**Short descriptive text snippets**
□ □ □ □ □
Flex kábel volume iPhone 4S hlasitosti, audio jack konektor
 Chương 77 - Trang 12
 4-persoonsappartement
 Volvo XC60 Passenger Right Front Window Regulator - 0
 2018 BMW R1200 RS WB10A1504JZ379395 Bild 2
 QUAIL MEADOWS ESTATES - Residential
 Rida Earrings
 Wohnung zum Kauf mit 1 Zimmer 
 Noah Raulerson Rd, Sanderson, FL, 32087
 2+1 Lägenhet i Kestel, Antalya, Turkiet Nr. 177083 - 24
□ □ □ □ □
**Exercise instructions**
Please write out, exactly as they appear, the line that contains "QUAIL MEADOWS ESTATES - Residential" and every line after it up to the end of the entries above, and no others.

**Answer section**
 QUAIL MEADOWS ESTATES - Residential
 Rida Earrings
 Wohnung zum Kauf mit 1 Zimmer 
 Noah Raulerson Rd, Sanderson, FL, 32087
 2+1 Lägenhet i Kestel, Antalya, Turkiet Nr. 177083 - 24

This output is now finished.